(EXERCISE MATERIALS)

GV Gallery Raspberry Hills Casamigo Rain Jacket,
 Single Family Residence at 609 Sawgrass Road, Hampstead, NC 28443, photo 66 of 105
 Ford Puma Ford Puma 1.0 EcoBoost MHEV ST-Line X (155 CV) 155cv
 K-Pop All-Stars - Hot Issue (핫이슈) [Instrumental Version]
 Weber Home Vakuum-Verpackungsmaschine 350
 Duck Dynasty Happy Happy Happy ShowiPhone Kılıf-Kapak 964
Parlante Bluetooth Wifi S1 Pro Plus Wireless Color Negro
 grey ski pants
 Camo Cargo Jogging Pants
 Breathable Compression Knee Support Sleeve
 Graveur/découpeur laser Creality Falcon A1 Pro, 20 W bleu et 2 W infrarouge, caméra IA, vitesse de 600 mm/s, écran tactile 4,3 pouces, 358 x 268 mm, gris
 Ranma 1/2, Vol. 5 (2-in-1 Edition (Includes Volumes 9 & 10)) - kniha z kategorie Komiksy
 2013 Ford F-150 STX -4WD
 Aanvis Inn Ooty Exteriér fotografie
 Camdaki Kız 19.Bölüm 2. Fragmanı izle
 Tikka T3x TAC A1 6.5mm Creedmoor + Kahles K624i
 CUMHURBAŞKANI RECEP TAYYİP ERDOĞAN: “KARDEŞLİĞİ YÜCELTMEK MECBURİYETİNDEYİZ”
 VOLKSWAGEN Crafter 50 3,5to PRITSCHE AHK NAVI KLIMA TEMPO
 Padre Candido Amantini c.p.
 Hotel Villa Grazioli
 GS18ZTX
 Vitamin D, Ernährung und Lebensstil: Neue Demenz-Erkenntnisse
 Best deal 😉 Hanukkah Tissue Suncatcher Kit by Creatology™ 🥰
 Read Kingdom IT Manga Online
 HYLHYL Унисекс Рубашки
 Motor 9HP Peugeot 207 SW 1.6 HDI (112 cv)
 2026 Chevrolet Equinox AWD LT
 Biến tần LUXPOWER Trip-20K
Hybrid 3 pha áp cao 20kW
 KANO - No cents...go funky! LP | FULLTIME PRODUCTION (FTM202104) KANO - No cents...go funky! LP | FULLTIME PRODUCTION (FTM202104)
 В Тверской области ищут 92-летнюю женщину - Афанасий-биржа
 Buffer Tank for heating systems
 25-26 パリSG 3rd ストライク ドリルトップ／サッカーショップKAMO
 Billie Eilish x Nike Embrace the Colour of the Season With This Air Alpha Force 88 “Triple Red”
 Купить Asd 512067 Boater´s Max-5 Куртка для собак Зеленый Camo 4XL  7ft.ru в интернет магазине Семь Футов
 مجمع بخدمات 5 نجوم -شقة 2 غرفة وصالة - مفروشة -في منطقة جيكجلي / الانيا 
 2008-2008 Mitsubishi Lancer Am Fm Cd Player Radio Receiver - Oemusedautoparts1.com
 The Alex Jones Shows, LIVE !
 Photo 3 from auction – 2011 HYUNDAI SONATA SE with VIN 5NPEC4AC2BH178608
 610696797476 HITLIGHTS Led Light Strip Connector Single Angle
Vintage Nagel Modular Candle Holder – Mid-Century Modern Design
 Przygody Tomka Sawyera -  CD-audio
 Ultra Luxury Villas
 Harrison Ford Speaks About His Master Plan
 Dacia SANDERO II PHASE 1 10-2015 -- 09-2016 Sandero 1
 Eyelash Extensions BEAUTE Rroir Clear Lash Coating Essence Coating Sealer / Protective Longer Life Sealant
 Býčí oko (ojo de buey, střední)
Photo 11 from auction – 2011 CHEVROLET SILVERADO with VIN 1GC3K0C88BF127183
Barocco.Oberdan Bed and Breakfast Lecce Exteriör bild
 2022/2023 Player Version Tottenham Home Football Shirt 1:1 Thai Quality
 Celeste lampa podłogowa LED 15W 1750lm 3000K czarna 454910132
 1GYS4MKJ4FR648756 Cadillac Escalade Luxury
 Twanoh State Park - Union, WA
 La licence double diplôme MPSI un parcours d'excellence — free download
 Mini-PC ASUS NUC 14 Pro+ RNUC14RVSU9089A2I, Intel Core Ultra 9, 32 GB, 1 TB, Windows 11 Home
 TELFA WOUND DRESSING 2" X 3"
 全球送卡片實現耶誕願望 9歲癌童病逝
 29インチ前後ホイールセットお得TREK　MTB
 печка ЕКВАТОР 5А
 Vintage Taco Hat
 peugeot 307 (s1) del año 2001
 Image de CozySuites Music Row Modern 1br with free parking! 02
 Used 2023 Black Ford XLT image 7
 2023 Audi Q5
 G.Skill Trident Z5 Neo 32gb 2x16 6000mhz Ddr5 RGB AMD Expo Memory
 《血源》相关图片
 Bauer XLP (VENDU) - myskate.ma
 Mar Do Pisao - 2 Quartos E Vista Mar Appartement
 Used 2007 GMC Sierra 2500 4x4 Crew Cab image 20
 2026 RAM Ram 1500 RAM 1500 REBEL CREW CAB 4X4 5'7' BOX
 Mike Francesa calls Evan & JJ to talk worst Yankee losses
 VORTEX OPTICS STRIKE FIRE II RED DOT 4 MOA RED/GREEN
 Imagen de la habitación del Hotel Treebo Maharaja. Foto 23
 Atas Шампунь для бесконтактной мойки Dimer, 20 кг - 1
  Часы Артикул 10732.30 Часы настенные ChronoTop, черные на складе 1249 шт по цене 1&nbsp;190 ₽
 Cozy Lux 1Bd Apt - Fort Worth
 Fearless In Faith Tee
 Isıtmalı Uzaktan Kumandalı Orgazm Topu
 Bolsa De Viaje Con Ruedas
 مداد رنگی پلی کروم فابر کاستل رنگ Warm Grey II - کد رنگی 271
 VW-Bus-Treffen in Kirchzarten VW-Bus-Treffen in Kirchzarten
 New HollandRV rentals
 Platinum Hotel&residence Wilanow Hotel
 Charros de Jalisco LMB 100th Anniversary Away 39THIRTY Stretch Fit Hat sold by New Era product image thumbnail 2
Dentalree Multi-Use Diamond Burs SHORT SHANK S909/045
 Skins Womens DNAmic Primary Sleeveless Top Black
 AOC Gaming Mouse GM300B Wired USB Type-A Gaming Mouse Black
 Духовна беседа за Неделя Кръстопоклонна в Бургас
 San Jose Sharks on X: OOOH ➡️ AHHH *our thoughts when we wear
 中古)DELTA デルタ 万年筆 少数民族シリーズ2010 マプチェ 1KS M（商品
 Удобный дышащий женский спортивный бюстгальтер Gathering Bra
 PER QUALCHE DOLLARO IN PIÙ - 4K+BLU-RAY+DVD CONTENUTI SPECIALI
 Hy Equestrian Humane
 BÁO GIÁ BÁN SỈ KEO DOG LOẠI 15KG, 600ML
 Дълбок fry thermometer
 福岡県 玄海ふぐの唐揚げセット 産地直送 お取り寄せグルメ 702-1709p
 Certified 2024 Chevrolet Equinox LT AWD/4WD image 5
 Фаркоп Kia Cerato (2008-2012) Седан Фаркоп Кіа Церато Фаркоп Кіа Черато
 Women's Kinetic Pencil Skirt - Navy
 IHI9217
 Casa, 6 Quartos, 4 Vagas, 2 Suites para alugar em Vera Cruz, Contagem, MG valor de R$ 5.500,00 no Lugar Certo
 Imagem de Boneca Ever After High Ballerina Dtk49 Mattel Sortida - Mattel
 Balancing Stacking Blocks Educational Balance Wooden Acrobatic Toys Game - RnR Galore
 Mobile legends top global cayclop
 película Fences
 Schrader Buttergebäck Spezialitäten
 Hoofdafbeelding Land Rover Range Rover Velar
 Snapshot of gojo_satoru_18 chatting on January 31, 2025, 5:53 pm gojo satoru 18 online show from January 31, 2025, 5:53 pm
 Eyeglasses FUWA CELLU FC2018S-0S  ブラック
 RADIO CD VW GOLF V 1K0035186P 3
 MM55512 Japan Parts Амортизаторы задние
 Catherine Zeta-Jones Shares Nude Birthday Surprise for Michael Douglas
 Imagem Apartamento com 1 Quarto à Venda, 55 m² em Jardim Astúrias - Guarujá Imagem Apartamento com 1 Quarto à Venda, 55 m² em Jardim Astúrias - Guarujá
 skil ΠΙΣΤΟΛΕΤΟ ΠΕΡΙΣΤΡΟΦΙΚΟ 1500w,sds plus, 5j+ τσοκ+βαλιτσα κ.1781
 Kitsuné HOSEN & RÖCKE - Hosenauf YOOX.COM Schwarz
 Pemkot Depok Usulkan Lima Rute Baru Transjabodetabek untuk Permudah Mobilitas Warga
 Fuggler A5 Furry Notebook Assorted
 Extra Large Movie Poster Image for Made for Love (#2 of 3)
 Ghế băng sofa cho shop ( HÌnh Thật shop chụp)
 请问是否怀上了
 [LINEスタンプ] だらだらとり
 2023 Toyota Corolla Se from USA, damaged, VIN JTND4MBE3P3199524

(End EXERCISE MATERIALS)

» TASK PROMPT: From the material above, copy every line that has the word "Equinox" in it.

» SOLUTION BELOW:
 2026 Chevrolet Equinox AWD LT
 Certified 2024 Chevrolet Equinox LT AWD/4WD image 5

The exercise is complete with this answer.